I find this difficult for two reasons. First, I am not entirely sure but my understanding is that the belief in two gods is Zoroastrianism and was a much later religion. I believe that the ancient Egyptian and Midianite religions worshipped many gods, and not just two. In fact, the K'li Yakar specifically refers to the Babylonian religion of the talmudic era, long after the episode with Yisro. Second, K'li Yakar's explanation of why the name Elokim is used for the good and YKVK for the bad seems to me to be strained. One would have thought that it would be the reverse -- YKVK, the name of mercy, for the good and Elokim, the name of judgment, for the bad. It is the opposite, the K'li Yakar explains, to show that the righteous can reverse the attribute of judgment and the wicked can reverse the attribute of mercy.
III. Other Explanations
The Netziv, in his Ha'amek Davar commentary, explains that the name Elokim refers to the strictness God utilized in avenging the wrongs done to the Israelites. He further explains the repetition in that Moshe told Yisro what he had not yet heard, the mercy involved in the plagues. Moshe told Yisro that the plagues were not only vengeance but also in order to make God's presence known and that the plagues affected Pharaoh more than the other Egyptians for this very purpose.

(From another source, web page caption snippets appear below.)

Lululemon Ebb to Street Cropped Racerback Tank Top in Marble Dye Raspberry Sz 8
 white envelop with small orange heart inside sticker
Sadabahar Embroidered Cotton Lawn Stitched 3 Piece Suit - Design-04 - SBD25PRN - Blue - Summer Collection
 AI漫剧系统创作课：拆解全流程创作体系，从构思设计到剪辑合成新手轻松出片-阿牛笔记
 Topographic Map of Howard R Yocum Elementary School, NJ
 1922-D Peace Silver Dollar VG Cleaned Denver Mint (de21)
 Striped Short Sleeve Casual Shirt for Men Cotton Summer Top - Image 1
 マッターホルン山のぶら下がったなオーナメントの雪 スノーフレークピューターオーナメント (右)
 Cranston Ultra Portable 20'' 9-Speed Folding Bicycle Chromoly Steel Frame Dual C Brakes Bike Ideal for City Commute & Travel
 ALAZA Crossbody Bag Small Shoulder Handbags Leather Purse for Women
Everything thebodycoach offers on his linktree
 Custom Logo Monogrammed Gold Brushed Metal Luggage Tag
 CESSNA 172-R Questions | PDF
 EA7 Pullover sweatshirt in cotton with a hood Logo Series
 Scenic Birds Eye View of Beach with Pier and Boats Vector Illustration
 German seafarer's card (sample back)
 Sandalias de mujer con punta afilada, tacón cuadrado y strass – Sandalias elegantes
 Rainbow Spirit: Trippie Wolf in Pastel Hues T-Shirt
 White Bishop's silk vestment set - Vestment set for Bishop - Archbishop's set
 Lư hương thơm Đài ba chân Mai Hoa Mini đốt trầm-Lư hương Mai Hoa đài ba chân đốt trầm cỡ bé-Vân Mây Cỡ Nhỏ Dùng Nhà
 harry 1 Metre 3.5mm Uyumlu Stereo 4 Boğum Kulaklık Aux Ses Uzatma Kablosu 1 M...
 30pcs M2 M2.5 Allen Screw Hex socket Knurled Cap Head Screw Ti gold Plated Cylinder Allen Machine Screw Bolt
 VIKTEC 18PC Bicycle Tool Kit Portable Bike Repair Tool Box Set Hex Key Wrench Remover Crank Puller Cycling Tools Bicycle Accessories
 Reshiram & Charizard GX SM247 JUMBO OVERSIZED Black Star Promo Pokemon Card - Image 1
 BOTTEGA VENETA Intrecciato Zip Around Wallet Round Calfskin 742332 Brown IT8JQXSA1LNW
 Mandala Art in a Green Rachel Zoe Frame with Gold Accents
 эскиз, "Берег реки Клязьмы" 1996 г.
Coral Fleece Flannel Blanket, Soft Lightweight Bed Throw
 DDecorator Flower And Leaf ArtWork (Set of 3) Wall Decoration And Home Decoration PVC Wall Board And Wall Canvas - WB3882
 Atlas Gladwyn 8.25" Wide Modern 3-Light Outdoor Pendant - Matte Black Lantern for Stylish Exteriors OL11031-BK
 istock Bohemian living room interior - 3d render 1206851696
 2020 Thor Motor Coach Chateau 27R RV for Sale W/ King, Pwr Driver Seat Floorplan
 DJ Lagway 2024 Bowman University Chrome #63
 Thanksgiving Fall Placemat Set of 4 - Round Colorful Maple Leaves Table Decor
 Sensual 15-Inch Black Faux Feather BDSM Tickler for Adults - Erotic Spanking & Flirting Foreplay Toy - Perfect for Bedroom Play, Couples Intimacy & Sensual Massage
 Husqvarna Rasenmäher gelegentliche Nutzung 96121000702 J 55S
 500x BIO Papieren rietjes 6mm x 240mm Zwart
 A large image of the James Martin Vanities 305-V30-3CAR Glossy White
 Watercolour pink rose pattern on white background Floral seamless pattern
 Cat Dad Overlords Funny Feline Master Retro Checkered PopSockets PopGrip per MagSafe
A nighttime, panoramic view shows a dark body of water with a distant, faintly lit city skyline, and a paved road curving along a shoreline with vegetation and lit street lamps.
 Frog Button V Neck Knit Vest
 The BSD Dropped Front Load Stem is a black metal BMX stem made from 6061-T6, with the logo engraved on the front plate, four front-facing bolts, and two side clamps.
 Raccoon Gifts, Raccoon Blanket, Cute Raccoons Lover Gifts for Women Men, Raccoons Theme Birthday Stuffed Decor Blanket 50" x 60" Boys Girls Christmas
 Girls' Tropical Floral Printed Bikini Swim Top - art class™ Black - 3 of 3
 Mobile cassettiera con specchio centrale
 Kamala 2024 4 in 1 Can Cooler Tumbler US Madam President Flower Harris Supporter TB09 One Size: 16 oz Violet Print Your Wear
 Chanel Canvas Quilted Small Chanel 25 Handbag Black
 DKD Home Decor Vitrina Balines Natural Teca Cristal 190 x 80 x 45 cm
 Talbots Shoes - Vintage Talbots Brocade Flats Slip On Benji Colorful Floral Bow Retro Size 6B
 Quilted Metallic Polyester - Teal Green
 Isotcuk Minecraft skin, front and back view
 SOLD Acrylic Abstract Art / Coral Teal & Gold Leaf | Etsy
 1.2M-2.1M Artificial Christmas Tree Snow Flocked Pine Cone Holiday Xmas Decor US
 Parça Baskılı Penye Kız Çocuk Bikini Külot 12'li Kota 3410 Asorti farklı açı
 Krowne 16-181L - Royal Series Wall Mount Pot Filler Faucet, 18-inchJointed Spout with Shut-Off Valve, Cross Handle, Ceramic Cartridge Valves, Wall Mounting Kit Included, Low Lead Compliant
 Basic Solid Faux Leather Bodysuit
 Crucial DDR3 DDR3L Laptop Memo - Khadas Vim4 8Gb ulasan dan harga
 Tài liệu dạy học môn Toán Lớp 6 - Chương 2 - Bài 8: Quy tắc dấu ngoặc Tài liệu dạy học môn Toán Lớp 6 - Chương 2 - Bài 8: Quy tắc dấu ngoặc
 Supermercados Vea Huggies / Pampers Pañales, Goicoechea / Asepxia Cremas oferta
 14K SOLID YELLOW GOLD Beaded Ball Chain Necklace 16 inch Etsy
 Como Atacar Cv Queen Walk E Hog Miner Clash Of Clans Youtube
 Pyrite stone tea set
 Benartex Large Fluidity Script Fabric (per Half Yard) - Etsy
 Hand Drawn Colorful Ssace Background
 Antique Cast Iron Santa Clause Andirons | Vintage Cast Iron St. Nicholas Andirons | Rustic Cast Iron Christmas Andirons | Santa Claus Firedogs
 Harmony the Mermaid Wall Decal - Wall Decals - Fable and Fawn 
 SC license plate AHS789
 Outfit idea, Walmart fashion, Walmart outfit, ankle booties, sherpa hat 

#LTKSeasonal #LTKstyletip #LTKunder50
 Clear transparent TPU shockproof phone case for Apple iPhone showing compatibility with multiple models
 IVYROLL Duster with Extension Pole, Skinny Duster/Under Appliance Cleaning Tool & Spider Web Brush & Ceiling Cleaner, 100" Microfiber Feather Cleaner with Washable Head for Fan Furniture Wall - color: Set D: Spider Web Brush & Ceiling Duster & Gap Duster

Cassuto states that the name Elokim is a general term that refers to a god that was universally acknowledged while YKVK refers to the specifically Israelite God. Elokim is used except where emphasizing the Israelite God or when Moshe speaks. Moshe merely told Yisro more details that impressed him even more.
IV. The Critics
I would have thought that source critics would have jumped all over this doublet, and attributed the mention of YKVK in verse 1 as a mere gloss from a different source. But they don't. The following is from John Durham, Word Biblical Commentary to Exodus, pp. 240-241:
This collection of motifs around a single and dominant figure gives Exod 18 a kind of unity lacking in most of the narratives of Exodus, or, for that matter, most of the tetrateuch. The commentators have generally accounted for this by assigning Exod 18 to a single source, E (so Beer, 94-95; Hyatt, 186; Noth, 146), or to E with a few notes from J (so Driver, 161-67; Davies, 147; Knight, 125).In other words, despite the clear opportunity here to divide the passage into two, the thematic unity is enough to convince leading commentators and source critics that this passage is not a doublet. I find this significant.